Быть выгнанным из пионеров, побыть немножко в комсомоле и не быть в партии — это было опасно. А потом, извините, я создал театр — сколько мне не давали ходу. Не присуждали «народного». А руководитель театра должен был быть коммунистом, но я отказывался. Был конфликт, не конкретно с партией, а с этой идеологией. У меня не было ни одного незапрещенного спектакля, даже ставить Писахова мне запрещали.

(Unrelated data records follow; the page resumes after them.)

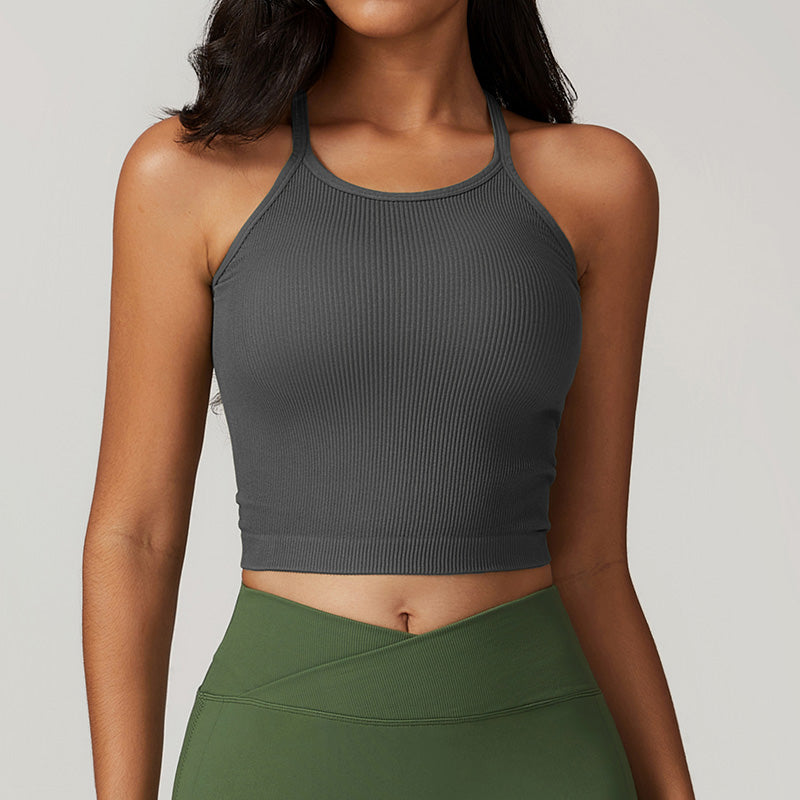 Shockproof tight fit seamless yoga tank tops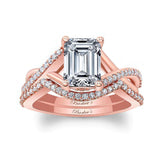 2 Carat Emerald Cut Moissanite Ring Set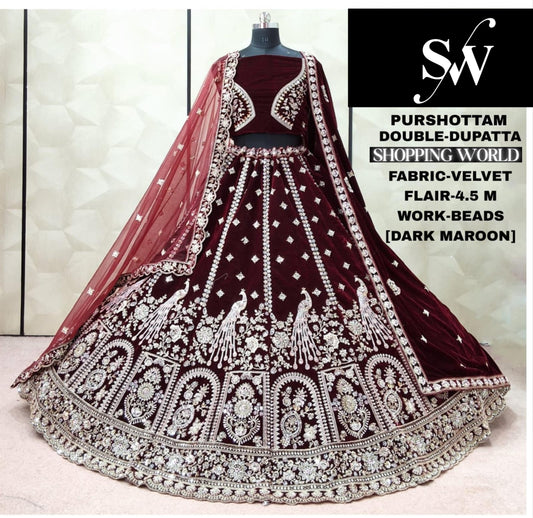 Dark Maroon Double Dupatta Peacock Velvet Bridal Lehenga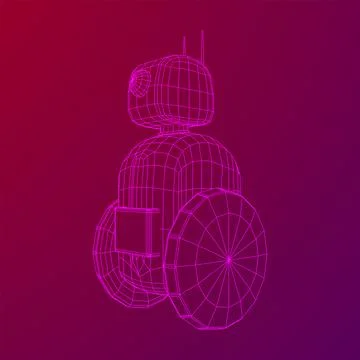 Robot Promoter LCD Screen on two wheels. Ad promo bot Stock Illustration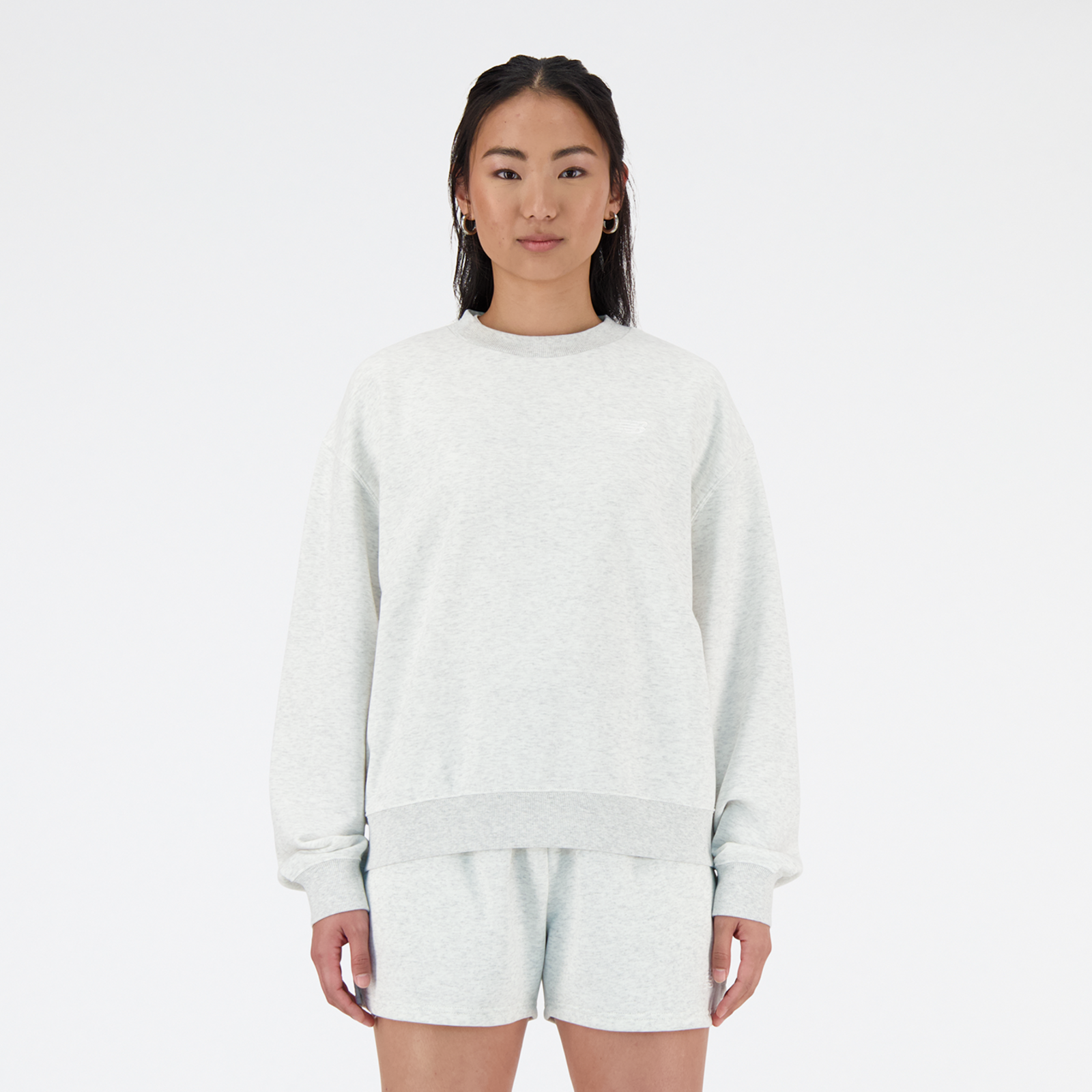 New Balance W Sport Essentials French Terry Small Logo Crew Oversized Fit Damen, ash heather, Grösse: XL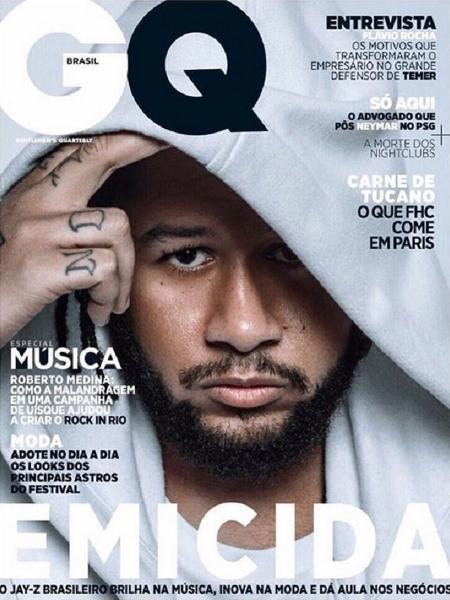 Emicida na capa da revista "GQ" - Reprodução/Instagram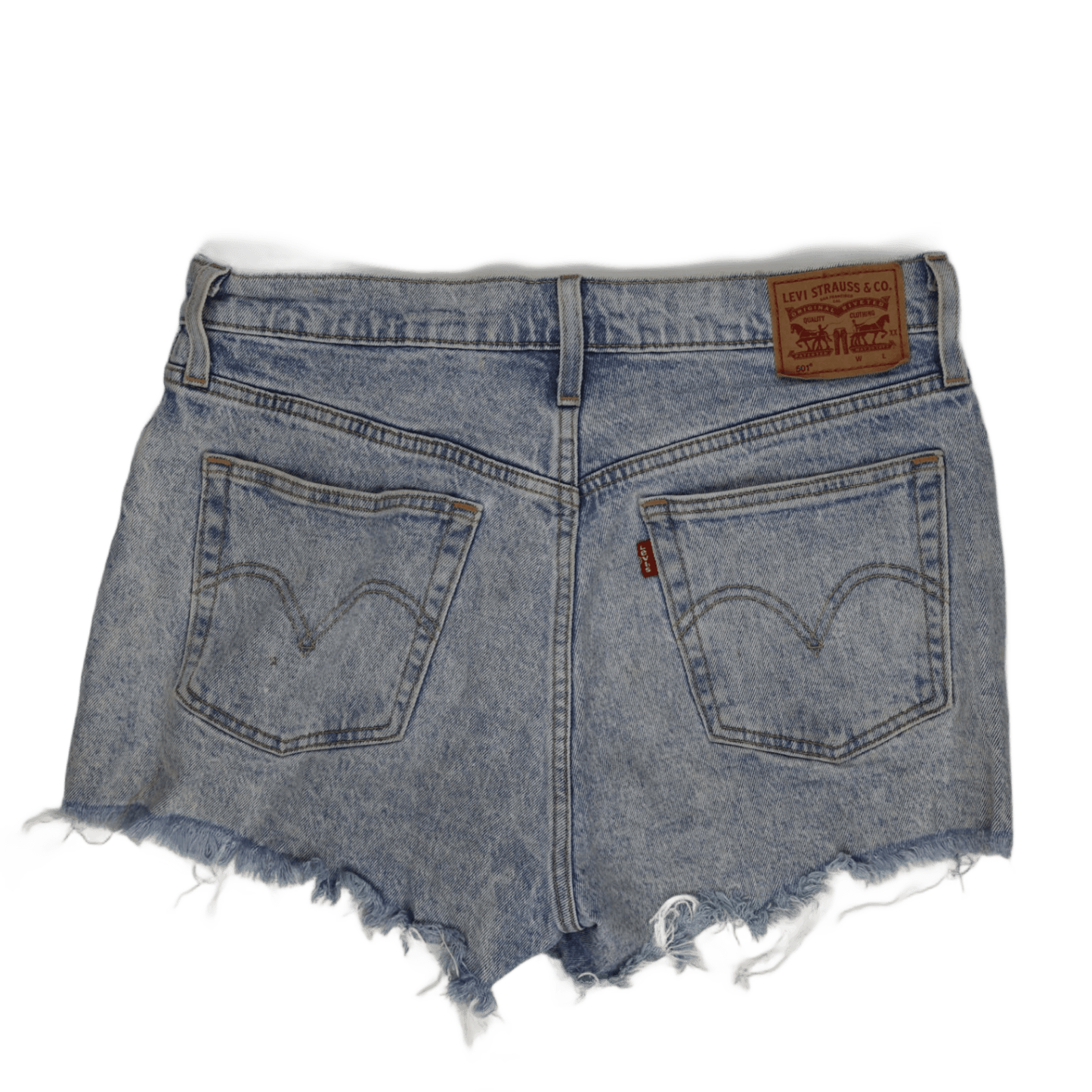 Levi's 501 Distressed Denim Shorts - Women's Light Wash Frayed Hem, Vintage Style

Но, когда началась эта «фигня» после перестройки, царство небесное Володе Резицкому, мы первые с ним сказали — «мы хотим цензуры». Потому то, что сейчас происходит еще страшнее — смотрите какая «шваль» идет со всех экранов, газет. Невозможно! Ленинская идея «Кто был ничем, тот станет всем» — осуществилась.

Журналисты, о театре пишут — читать смешно. В лучшем случае пересказывают содержание. Начинаешь разговаривать, называть известные в театральном мире фамилии — глаза мутнеют, потому что не знают. И такие же артисты приходят. Посмотрите: на экранах артистов нет. Где, такие как Ульянов, Яковлев, Борисов, Юрский, дай Бог ему здоровья. Сейчас растет что-то другое, они не называются актерами — но вот кто они пока не известно. Но, слава Богу, сейчас кризис, это все полетит…

Не надо бороться с властью. Я сторонник того, что мы зависим от власти — потому что мы на бюджете. Но я не хочу зависеть от ее настроения, если у меня утвержден бюджет — я всегда добьюсь полного его исполнения.

— В связи с кризисом, в театры стали ходить меньше?

— Спад ощущается везде. Если не врать, то в театр ходят плохо и в Архангельске в том числе.

Я не боюсь говорить и настаиваю, как член Совета при губернаторе, как театральный деятель, что надо что-то менять в мертвом совершенно театре имени Ломоносова. Ведь театр мертвый, потому что театр, в котором нет репертуарной политики — мертв. Случайный набор пьес. Они все хвастаются, что у них аншлаги и т. д. Но у меня сын учится в школе, в восьмом классе — приносят билеты и попробуй не купи, но моего Степу не трогают, видимо знают — кто я, боятся. Я своим говорю: туда ходить не надо, это абсолютно точно. Если вы не хотите испортить нюх — туда ходить не надо. Дай Бог, если там появится новый директор, новый художественный руководитель.

Недавно была передача о Георгии Товстоногове. У него зал давал концепцию — надо отвечать на чаяния народа, не на желания, а на чаяния — чем внутри человек живет.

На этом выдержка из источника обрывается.